1937年7月29日, 北平沦陷于日寇之手。12月14日, 日本侵略者扶植了汉奸伪政权——中华民国临时政府。在加紧对华北经济统制和资源掠夺的同时, 他们先后制定了北平、天津、塘沽、济南、石家庄、太原、徐州、新乡等都市计划大纲, 以作为开拓殖民地的初步计划, 《北京都市计划大纲》就是其中之一。日寇为把北平变成在华北沦陷区的统治中心, 致力于西郊“新市区”和东郊“工业区”的规划与实施, 对城市的发展产生了比较明显的影响。伪“北平市地方维持会”1937年10月12日决定, “北平”自13日起改称“北京”。这个改名是中华民国国民政府不予承认的, 因此, 本文在引文和机构名称之外, 一律称之为“北平”。

一 提出《北京都市计划大纲》的背景

在占领区加速殖民, 是日本侵略者的一贯政策。有关资料显示, 抗战之前北平日侨有2, 000多人, 至1941年初增长到67, 437人1。北平沦陷期间, 伪北京特别市社会局编纂委员会出版的《社会统计月刊》2卷6号—3卷3号, 刊有1939年5月—1940年1月的“华北各地日侨人口统计表”, 统计范围包括北京内外城、四郊、南苑、长辛店、丰台等地。当时朝鲜和我国的台湾都被日寇侵占, 统计表中也将他们视为日本侨民列入。这里只计算北平内外城与四郊日本人的数量变化情况:

北平沦陷期间, 内外城和四郊的朝鲜侨民保持在8, 000人以上, 1940年1月达10, 279人2。1941年初重庆《新华日报》刊载的日本外务省所披露的67, 437人, 应当是包含朝鲜侨民和少量台湾人在内的, 真正的日侨人数当接近60, 000人。上述统计清楚地表明了抗战爆发后北平日侨迅速增长的事实。1936——1941年, 北平内外城及四郊的人口由153万人增至179万人3, 而日侨与北平居民的比例由大约1:770膨胀到1:30左右。伴随着侵略者涌入的日本侨民, 挤占了中国人民的居住空间, 危害了北平百姓的生存。当时的报纸报道说:

北平的日侨的一半约二万五千人以上是经商的, 开有商店约二千零廿六家, 许多中国人的铺子、大买卖被强迫挂上日文的招牌, 或者完全被日本人无理强占。从北平敌寇警察机关之手得来的“侨民非为行动的实例”中自供道, '一、占住房屋, 二、霸占财产, 三、盗掘古墓’4。

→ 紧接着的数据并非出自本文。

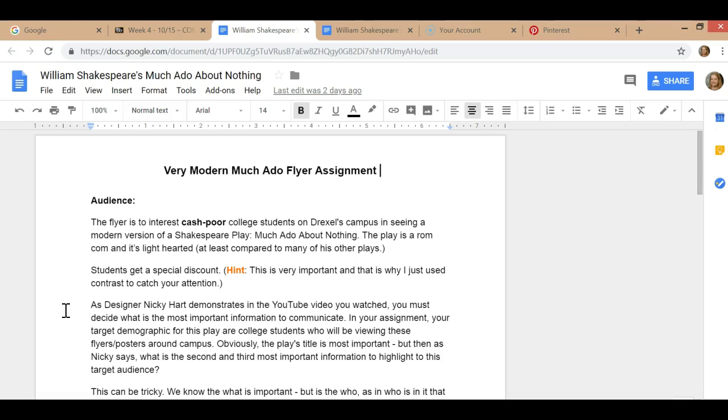After that, the third most important piece of information is the quote because a testimonial by a third party reduces risk. It kind of maybe makes it more likely that you might want to go, so that has to stand out.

西四牌楼附近一带地方, 划为特别区了, 中国人一概迁出, 也不准在这里通行。西四牌楼原是住宅区, 许多人都失掉了他华丽的住宅——他的生命线, 因为有许多人是靠出租来维持生命的。房屋在北平已经没有私人自主了, 只要他们军官一高兴, 叫你让出来就得让出来, 或者他要实验他们放火的技能, 放把火烧了, 看着被难的居民丧家犬似的跑出来, 拍手取乐。缸瓦市的房屋, 不是被烧了就是被拆了5。

综合《社会统计月刊》所载1938年10月—1939年1月 《本市各区日本商店分类营业月报表》, 得到如下数字, 从中也可以看出日本在北平进行经济侵略的来势之凶猛:

仅仅4个月之内就有90家日本商店登记营业, 而且都分布在内一、内二、内三、外二4个区。这个短暂时段的统计当然远远不能概括全貌, 但也从一个侧面显示了日人数量虽少却占据着繁华地段的特点。

日本人的种种恶劣行径, 自然会激起北平人民的强烈愤慨。尽管中国百姓敢怒而不敢言, 但日寇在骄横之余也感到心理上的虚弱。配合长期经营北平以作为侵略中国的根据地的策略, 他们遂仿照此前在长春的做法, 在北平传统的市中心区之外, 建立新市区, 即所谓“新北京”。于力写于1942年的《人鬼杂居的北平市》一书记载:

七七以后北平城内敌寇的商店和住户日益加多, 敌方的资本家更纷向城中投资, 半强占、半购买大房, 改建工作场和仓库之类。因此, 一方面若干极其堂皇垲爽的大屋被改成红砖墙、铁板顶, 那样难看的屯货栈。一方面因为房荒, 又预备划定东城自王府井大街以东、东四牌楼以南, 西城自丰盛胡同以北、阜成门大街以南, 为敌居留民区。这地区内的房屋, 不许市民私相转移产业, 须经呈报官厅, 由日人有租购优先权。后来房价越高, 敌人感到不合算了, 这计划终于没有实现, 并且为租购房屋纠纷日多, 便授意汉奸, 设计在城外另辟新市区, 以备敌寇来侵略的侨民集体居住6。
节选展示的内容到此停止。